AIM OF THE EXERCISE → Give the lines below again exactly, starting with the line that holds "حقائق الطبيعة نقار" and going on through the line that holds "2026 A3 Wochenkalender".

DATA FOR ANALYSIS →
= Beginning of Section =

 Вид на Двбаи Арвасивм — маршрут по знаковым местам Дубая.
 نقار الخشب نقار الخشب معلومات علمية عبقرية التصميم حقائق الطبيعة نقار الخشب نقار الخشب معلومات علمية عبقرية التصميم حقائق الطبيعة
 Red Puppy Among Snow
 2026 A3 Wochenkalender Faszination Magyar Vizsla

= End of Section =
= Beginning of Section =

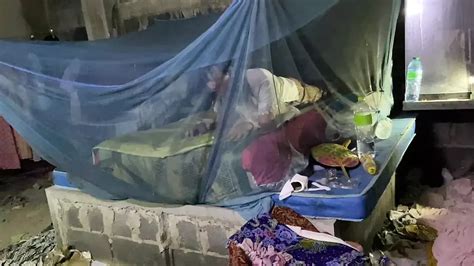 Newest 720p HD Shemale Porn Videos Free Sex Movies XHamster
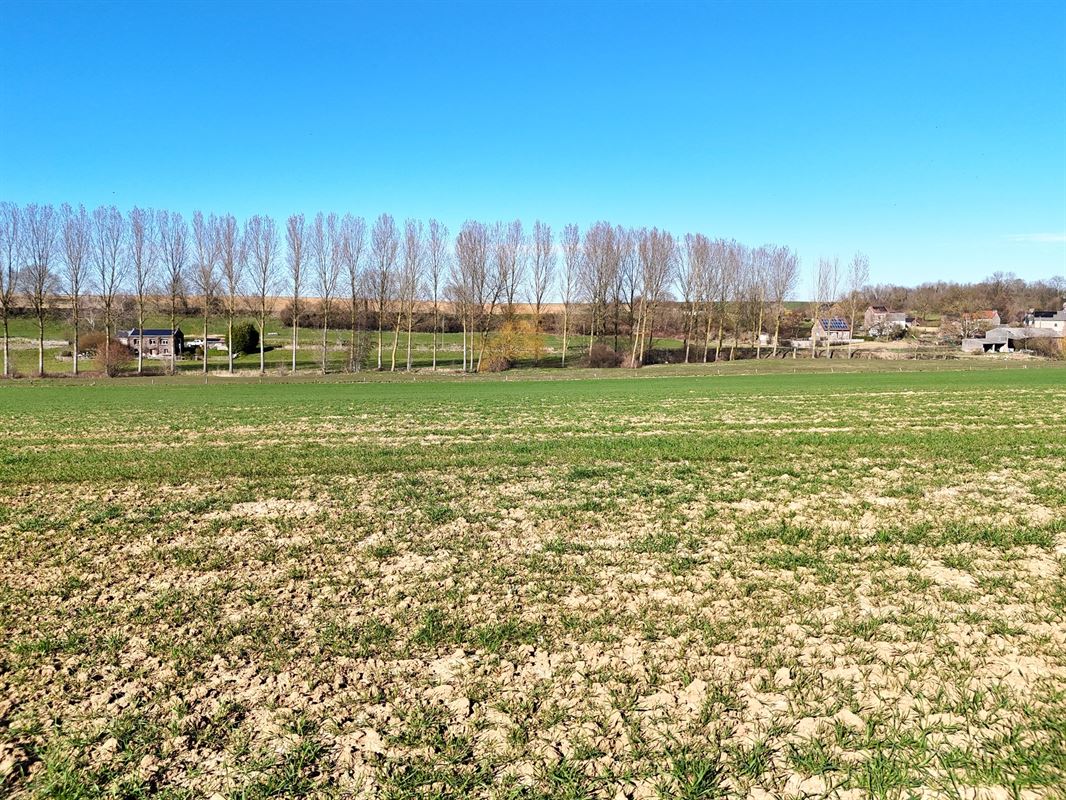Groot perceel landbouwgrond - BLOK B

= End of Section =
= Beginning of Section =

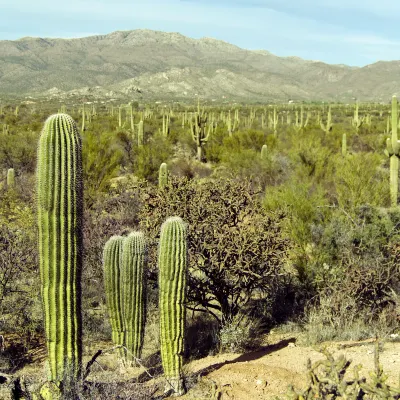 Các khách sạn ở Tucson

= End of Section =

RESULT BELOW →
 نقار الخشب نقار الخشب معلومات علمية عبقرية التصميم حقائق الطبيعة نقار الخشب نقار الخشب معلومات علمية عبقرية التصميم حقائق الطبيعة
 Red Puppy Among Snow
 2026 A3 Wochenkalender Faszination Magyar Vizsla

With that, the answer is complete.